In American football, a bootleg play is a play in which the quarterback runs with the ball in the direction of either sideline behind the line of scrimmage. This can be accompanied by a play action, or fake hand off of the ball to a running back running the opposite direction.

==Overview==
The quarterback can be accompanied by an offensive lineman to block for him, or run without a blocker, the latter of which is known as a naked bootleg or waggle. More complex versions involve multiple offensive linemen moving with the quarterback to block and multiple false hand offs; one such variation is known as a rollout. After escaping the area behind the offensive line, the quarterback may either throw a pass downfield or run with the ball himself to gain yardage.

A bootleg is called to confuse the defense, by moving the quarterback away from where they expect him to be, directly behind the center. The quarterback's motion may also attract the attention of the defensive backs, allowing one of the receivers to become uncovered. The play is typically used by teams with mobile quarterbacks, such as Steve Young, Randall Cunningham and Russell Wilson.

Additional variations can be combined with bootleg plays. In the West Coast offense variant designed around quarterback Michael Vick, counter techniques combined with play action bootleg plays served to provide several types of simultaneous misdirection which caused defensive players to freeze after often misjudging the intended direction of the play. These techniques, along with Vick's unusual athleticism, slowed down and isolated defenders and provided extra space and time for the quarterback to survey the field and/or run the ball.

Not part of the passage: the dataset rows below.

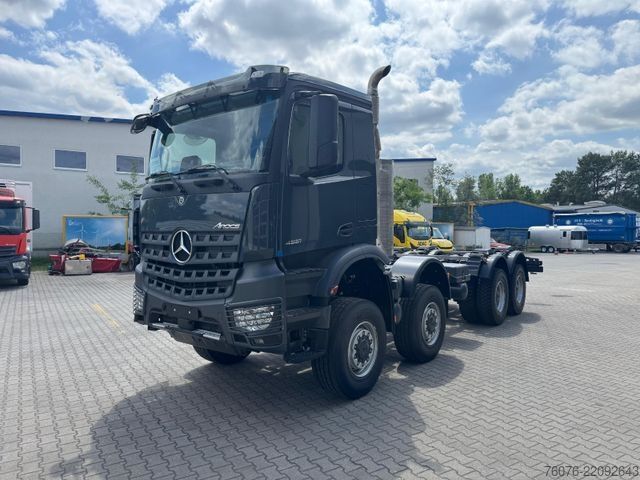 LKW-Fahrgestell MERCEDES-BENZ Arocs 5 neu 4551 AK 8x8 Allrad NMV Nebenantrieb
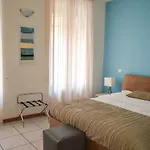 Alojamento de Acomodação e Pequeno-almoço La Contrada 3*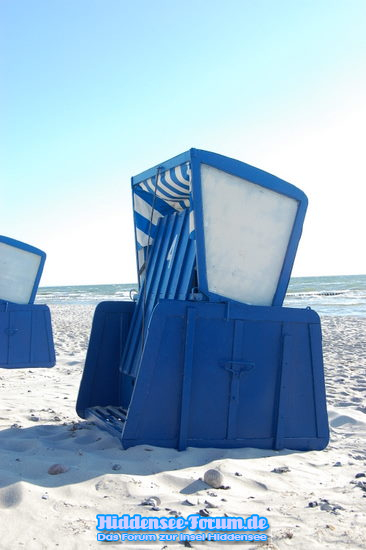 Strand mit Blauenstrandkörben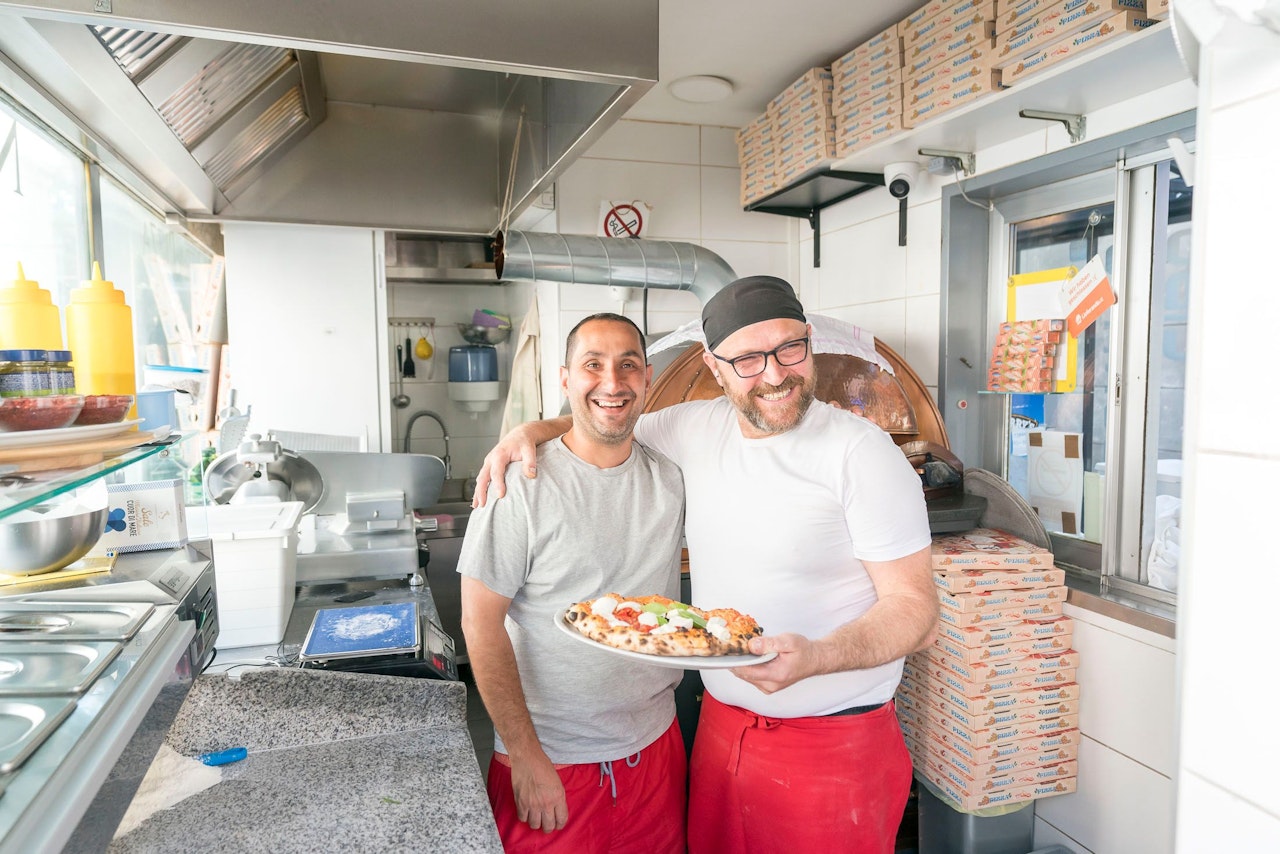 Heute.at - Pizzabäcker aus Neapel zieht in Würstelstand in Wien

The bootleg and its variants have become more common in recent years as the rules have been changed to permit a quarterback to avoid a sack by throwing the ball away once they are outside the "tackle box". Since the quarterback in a bootleg usually sets up to throw well outside the tackles, if he is in danger of taking a sack, he can throw the ball safely out of bounds without risking an intentional grounding penalty.

The name comes from the fact that on a play action the quarterback often hides the ball from the defense by his thigh to make the run look more convincing. This is similar to the way bootleggers would hide whiskey in their trousers during Prohibition.

Pop Warner is given credit for inventing the bootleg play.